## ASSIGNMENT
Where a line below has the string "Interior" in it, include it in the count, and give that count alone.

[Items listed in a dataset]

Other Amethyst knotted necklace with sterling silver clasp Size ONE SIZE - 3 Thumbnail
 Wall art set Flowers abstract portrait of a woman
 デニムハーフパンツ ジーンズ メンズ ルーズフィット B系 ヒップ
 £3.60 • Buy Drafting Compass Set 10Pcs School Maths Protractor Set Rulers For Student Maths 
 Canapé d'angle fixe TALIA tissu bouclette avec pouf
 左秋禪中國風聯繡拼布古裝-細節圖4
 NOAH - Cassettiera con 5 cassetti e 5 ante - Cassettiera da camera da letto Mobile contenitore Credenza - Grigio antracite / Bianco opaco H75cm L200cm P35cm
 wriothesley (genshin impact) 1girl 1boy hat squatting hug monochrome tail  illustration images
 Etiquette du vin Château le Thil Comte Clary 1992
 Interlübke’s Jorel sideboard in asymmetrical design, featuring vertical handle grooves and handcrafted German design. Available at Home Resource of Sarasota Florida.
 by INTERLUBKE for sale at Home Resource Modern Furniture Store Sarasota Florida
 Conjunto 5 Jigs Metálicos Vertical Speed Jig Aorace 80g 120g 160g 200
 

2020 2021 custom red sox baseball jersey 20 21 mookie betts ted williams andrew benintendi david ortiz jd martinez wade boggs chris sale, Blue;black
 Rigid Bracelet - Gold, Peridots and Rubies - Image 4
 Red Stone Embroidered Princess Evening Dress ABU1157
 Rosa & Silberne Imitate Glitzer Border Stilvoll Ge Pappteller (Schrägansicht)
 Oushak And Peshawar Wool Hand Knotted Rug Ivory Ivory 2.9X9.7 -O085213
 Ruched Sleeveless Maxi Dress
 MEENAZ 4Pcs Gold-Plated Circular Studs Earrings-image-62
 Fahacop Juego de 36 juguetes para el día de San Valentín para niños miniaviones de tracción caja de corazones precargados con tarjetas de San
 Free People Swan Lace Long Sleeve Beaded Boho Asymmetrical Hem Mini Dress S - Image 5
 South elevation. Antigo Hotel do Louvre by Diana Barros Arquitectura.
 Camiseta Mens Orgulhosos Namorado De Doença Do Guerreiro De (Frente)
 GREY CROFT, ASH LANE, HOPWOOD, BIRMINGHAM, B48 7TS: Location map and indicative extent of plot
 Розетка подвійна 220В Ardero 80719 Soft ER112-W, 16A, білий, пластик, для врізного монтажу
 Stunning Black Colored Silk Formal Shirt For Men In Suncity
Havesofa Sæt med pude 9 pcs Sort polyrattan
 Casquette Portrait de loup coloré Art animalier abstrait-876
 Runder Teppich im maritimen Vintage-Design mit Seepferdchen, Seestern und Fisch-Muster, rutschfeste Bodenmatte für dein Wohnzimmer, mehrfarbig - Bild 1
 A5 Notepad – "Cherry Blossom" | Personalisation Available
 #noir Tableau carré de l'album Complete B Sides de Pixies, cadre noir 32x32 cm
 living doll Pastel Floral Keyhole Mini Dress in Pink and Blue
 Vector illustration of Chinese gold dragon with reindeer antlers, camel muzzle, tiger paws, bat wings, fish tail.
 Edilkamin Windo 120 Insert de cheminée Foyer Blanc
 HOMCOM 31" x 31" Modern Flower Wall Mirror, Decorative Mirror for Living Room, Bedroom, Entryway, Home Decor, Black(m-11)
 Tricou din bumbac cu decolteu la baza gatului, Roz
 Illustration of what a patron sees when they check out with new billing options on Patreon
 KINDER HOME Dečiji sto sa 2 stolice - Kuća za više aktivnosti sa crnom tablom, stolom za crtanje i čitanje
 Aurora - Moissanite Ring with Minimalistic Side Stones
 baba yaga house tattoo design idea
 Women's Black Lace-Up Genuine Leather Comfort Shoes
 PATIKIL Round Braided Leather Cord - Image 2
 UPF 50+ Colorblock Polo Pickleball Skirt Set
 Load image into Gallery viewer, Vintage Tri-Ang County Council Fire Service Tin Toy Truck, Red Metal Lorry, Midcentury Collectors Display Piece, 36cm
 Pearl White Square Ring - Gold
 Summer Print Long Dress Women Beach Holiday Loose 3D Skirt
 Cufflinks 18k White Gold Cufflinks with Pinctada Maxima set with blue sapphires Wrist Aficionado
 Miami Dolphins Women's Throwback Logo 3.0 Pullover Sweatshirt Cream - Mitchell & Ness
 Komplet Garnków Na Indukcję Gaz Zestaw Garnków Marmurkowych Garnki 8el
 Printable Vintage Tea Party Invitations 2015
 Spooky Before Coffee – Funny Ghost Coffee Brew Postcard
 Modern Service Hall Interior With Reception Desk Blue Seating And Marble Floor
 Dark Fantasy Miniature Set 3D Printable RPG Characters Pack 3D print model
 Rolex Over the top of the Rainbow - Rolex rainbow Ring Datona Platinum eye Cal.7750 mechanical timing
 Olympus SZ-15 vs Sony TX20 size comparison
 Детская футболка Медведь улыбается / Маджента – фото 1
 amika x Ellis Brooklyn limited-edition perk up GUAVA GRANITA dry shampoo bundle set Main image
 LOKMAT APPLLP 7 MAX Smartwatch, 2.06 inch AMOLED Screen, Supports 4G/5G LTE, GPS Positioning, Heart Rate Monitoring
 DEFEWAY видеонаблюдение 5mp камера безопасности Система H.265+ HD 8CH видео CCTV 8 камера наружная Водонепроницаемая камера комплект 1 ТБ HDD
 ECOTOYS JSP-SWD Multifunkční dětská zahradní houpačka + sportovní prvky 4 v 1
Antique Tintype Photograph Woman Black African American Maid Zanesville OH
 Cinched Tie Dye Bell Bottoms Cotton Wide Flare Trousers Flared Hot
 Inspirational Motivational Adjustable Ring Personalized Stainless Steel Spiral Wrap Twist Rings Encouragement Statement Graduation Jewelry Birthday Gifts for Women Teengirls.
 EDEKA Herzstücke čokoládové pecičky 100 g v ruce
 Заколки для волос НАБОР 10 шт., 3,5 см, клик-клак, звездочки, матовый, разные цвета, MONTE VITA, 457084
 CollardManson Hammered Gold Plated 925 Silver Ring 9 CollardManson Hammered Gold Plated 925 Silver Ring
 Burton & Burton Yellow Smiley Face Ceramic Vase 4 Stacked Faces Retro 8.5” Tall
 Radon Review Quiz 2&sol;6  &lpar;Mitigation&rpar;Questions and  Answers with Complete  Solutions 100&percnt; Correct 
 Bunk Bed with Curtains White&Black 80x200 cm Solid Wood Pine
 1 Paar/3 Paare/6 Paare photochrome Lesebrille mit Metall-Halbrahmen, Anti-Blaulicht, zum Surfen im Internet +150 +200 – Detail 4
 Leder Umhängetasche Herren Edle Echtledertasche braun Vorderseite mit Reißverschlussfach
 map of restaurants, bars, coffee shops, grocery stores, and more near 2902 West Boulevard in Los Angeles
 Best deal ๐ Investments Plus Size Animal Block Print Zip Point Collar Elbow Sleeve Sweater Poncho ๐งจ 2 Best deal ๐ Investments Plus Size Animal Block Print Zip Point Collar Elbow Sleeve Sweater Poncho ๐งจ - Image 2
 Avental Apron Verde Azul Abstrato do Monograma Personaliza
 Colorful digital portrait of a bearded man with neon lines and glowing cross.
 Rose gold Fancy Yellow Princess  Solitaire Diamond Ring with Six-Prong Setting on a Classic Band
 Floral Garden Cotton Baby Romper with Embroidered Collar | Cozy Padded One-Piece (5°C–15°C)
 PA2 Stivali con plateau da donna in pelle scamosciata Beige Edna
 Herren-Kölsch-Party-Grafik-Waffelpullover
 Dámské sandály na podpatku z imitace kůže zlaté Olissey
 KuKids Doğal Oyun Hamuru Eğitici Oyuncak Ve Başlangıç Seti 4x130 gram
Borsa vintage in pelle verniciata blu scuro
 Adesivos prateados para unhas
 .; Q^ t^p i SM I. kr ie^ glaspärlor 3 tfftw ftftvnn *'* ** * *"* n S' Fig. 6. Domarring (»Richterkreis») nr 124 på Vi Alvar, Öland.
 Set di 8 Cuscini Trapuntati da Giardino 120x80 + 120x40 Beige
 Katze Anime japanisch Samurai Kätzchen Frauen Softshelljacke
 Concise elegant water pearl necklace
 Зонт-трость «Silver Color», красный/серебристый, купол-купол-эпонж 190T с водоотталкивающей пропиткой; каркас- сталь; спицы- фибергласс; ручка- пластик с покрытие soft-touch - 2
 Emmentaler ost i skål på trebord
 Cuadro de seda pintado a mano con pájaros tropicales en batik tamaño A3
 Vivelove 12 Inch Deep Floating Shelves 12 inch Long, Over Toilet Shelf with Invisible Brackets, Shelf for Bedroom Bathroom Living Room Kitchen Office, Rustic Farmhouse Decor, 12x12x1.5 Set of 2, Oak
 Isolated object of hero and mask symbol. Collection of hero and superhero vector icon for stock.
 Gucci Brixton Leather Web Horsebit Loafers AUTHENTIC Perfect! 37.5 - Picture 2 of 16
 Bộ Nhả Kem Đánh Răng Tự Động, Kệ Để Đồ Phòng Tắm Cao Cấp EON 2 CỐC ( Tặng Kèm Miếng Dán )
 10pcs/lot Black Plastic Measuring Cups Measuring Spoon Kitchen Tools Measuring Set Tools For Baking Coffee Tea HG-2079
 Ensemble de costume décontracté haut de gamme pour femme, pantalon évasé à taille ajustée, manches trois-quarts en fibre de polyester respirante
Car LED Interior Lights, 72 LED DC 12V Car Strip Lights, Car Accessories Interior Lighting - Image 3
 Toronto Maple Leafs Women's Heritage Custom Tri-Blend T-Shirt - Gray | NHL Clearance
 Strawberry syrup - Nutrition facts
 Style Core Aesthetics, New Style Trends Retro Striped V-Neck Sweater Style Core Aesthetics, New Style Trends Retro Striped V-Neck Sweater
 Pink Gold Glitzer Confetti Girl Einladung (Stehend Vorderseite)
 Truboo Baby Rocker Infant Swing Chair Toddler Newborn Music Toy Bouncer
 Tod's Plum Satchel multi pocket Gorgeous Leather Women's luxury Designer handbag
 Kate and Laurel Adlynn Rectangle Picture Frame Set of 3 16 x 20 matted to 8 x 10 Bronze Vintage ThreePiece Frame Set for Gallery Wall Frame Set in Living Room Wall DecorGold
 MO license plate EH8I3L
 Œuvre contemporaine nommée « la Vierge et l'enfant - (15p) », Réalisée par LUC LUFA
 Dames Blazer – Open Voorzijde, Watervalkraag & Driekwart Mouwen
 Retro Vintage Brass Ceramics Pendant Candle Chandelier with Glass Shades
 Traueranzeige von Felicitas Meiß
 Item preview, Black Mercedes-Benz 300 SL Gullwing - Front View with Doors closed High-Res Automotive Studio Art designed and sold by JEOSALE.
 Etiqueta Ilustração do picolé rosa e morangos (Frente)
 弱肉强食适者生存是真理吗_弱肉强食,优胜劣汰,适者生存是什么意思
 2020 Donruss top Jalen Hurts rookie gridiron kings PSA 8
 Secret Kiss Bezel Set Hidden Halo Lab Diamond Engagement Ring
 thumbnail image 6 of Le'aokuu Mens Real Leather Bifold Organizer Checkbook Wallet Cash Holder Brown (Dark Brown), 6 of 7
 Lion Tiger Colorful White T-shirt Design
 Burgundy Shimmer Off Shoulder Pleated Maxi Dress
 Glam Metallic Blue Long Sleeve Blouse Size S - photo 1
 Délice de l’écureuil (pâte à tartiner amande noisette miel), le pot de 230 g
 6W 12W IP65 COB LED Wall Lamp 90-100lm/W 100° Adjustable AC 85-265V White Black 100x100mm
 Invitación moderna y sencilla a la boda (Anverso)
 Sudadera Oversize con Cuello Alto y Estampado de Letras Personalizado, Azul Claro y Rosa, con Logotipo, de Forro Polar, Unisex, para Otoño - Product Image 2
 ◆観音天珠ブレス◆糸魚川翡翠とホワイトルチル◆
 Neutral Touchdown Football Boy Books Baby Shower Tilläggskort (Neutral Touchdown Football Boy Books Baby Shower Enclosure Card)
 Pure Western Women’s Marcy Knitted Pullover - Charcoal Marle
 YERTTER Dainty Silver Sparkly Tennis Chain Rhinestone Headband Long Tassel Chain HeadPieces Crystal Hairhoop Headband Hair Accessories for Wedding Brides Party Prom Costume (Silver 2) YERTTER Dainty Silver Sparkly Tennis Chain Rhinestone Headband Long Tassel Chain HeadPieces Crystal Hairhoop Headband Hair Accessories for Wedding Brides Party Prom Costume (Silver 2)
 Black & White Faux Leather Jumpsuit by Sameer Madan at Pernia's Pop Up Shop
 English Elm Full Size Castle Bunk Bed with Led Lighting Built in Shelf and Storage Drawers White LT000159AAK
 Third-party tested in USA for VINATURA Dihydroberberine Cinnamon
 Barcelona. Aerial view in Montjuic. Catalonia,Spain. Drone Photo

## ANSWER BOX
2